Former Eastern European here -- not sure I would single out Eastern Europe as
being "better" in gender norms. How do you explain the Devushka phenomenon?
[http://www.carpetblog.typepad.com/carpetblogger/2006/07/devu...](http://www.carpetblog.typepad.com/carpetblogger/2006/07/devuskha_style.html)

Going into STEM fields may anticorrelate with pursuing romantic interests --
but it doesn't imply that it correlates with intelligence/strength. I have
encountered many more women with strong personalities who think for themselves
among art students than among math grad students, for example.

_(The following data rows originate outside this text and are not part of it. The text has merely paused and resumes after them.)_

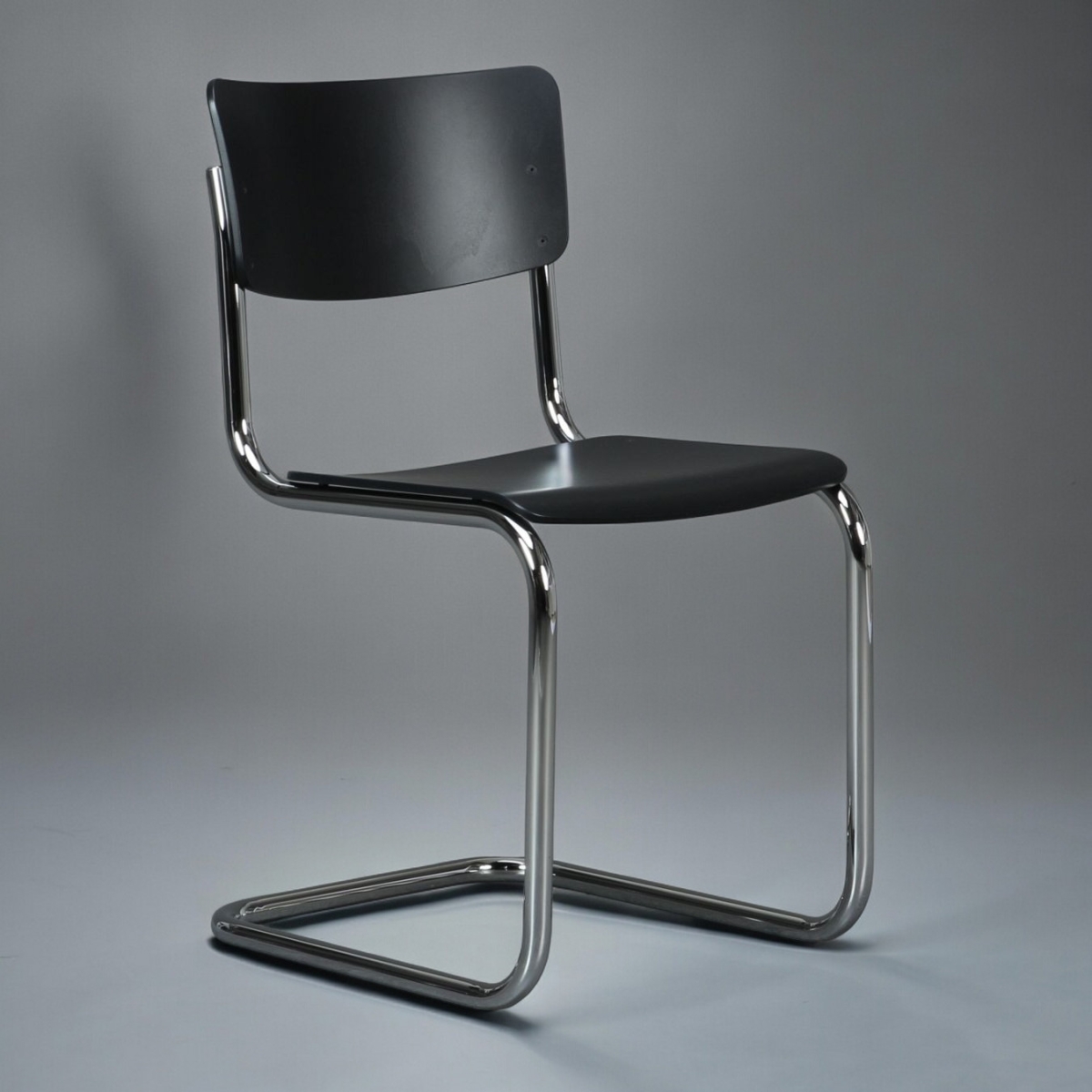 Preview: Thonet S43 Freischwinger Stuhl Schwarz Buche Stahlrohr verchromt Preview: Thonet S43 Freischwinger Stuhl Schwarz Buche Stahlrohr verchromt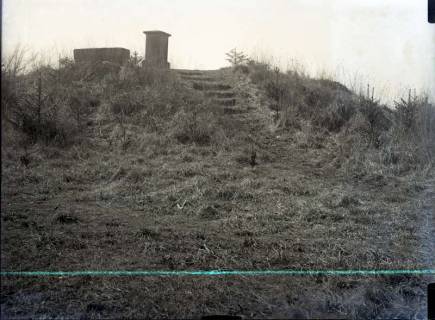 ARH NL Kageler 925, Holle-Denkmal auf dem Suerser Berg, Gehrden, ohne Datum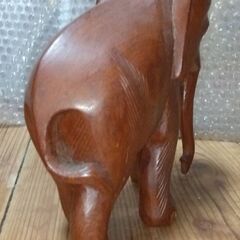 木彫りのゾウの画像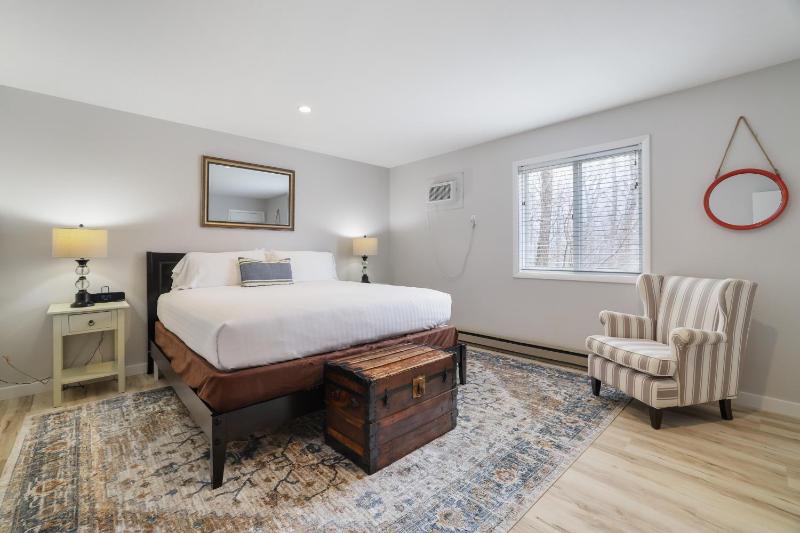 Deluxe King Room image 1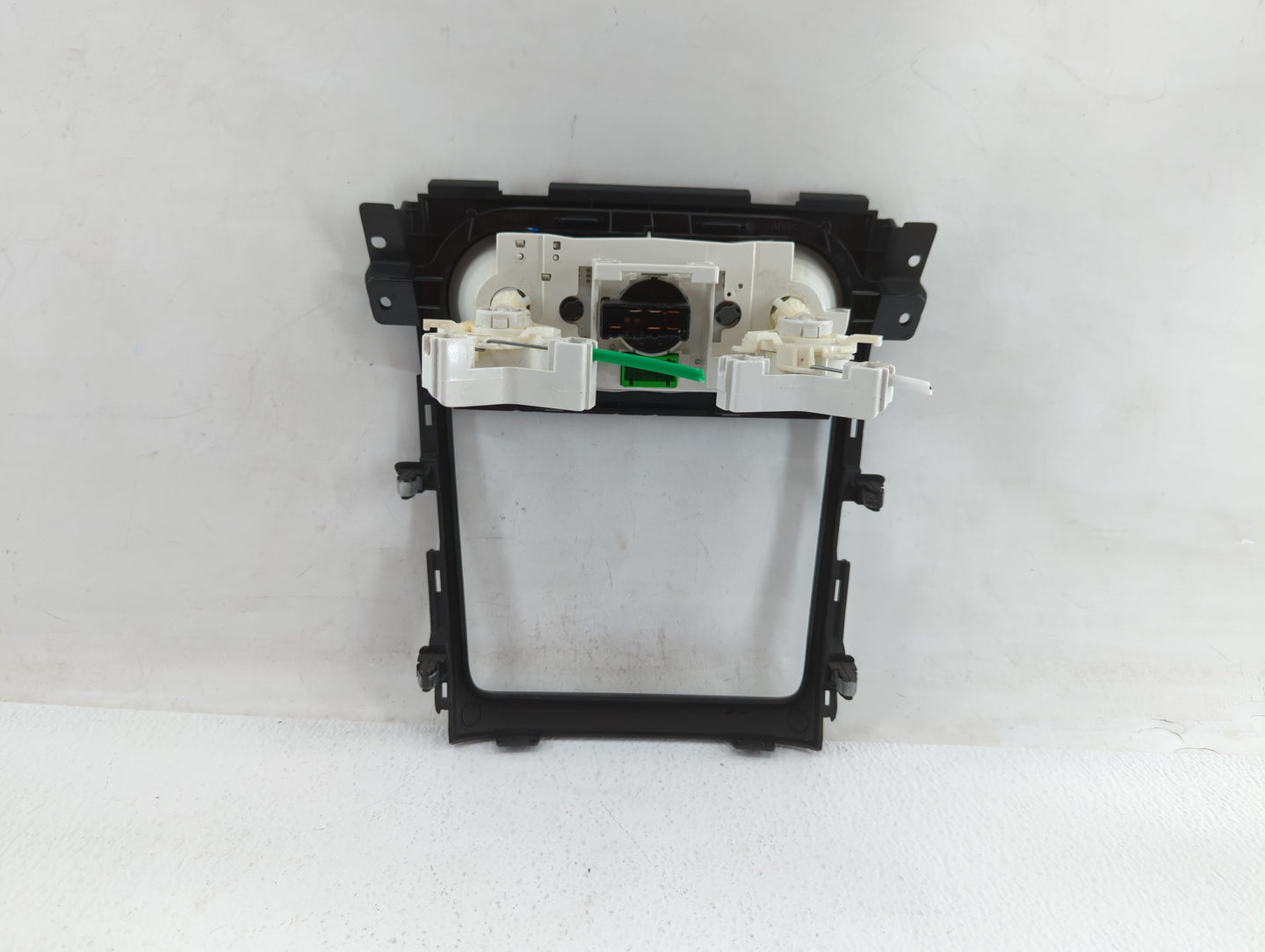 2007-2013 Suzuki Sx4 Climate Control Module Temperature AC/Heater Replacement P/N:73824-79J0 Fits OEM Used Auto Parts - Oemu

As a matter of
fact, as a male, I am attracted to the "strong woman" type -- but
paradoxically I find more women of that type among those who have liberal arts
degrees. I believe this has something to do with engineering degrees being
perceived as ones that "train you to be a corporate slave" rather than ones
that strengthen your personality.

------
sp332
So, women don't know how to express themselves romantically using math. The
answer seems simple enough: a few romantic mathy role models should fix that
quickly. We could start with Vi Hart's videos.
<http://www.youtube.com/user/Vihart#g/u>

------
klipt
The study is likely specific to the country where it was conducted (I'm
guessing the USA). I believe there are studies showing that while girls in the
US are socialized to think of math and science as "masculine", which
consequently affects their willingness to learn said subjects, things are much
more equal in countries like Japan.